Date: March 26, 2014

"I assure you very explicitly, that in my opinion the conscientious scruples of all men should be treated with great delicacy and tenderness; and it is my wish and desire, that the laws may always be as extensively accommodated to them, as a due regard to the protection and essential interests of the nation may justify and permit."

--President George Washington, Letter to the Annual Meeting of Quakers (1789)

The Supreme Court heard arguments today in Hobby Lobby v.
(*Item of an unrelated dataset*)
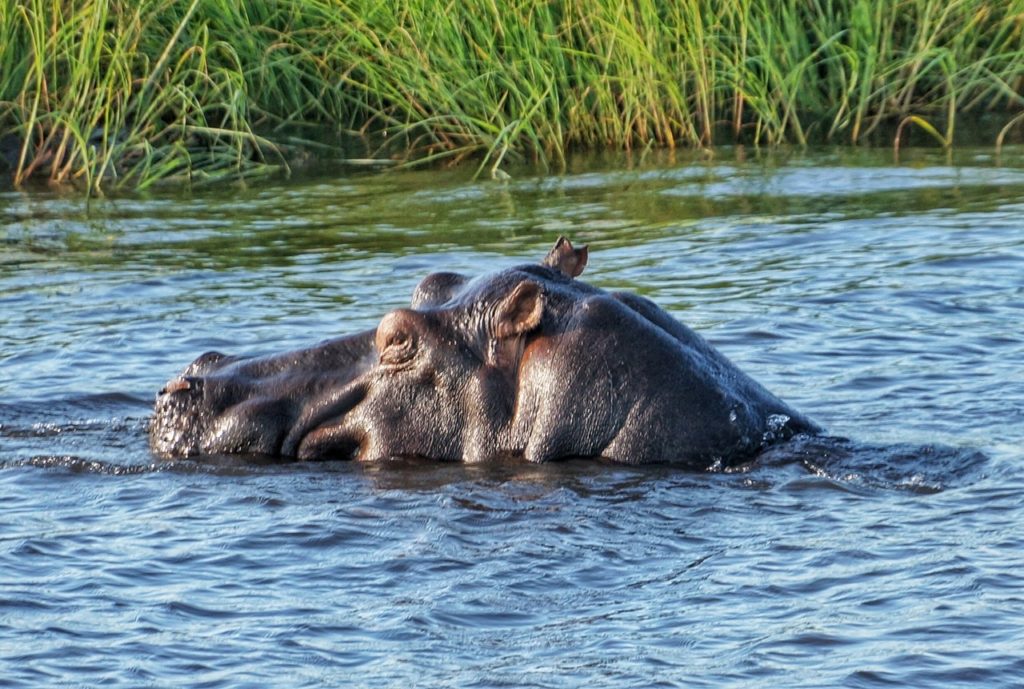 Hippo Chobe River cruise Botswana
Sebelius, which presents the issue of whether it violates the Religious Freedom Restoration Act for the government to force the owners of a family-run business to violate their religious beliefs by making them pay for abortifacients for their employees, or else face severe monetary fines.
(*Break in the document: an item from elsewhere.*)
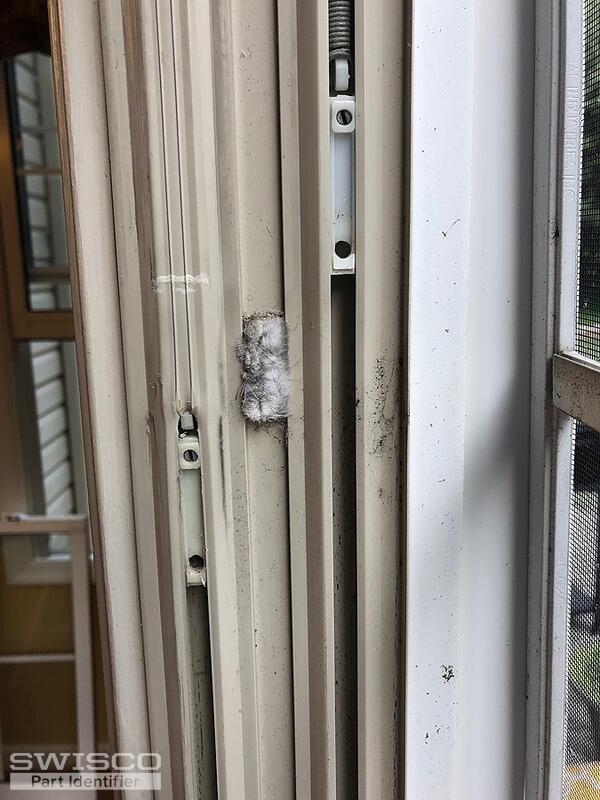 window5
The administration has granted exemptions from *statutory* mandates affecting employer-provided insurance writ large, enumerating minimal benefit requirements, and forcing individuals to buy government-directed insurance. The HHS mandate is an executive branch regulation which, unlike the above, can actually be lawfully amended by the administration to accommodate religious freedom. Yet, the Obama administration is even litigating against the Little Sisters of the Poor, a group of Catholic nuns who care for the sick and elderly. How can the administration grant exemptions to powerful interests as a matter of course but refuse to accommodate the religious freedom of the Little Sisters or Hobby Lobby?

This case does not concern the availability or legality of contraceptives, and individuals can obtain and use these as they see fit. The question is simply whether the government can force the owners of Hobby Lobby to pay for abortifacients in violation of their faith.

Religious freedom is our first freedom which founders such as George Washington knew that government had a duty to preserve. I wish the Obama administration was willing to heed Washington's admonition about the need to "extensively accommodate" religious liberty.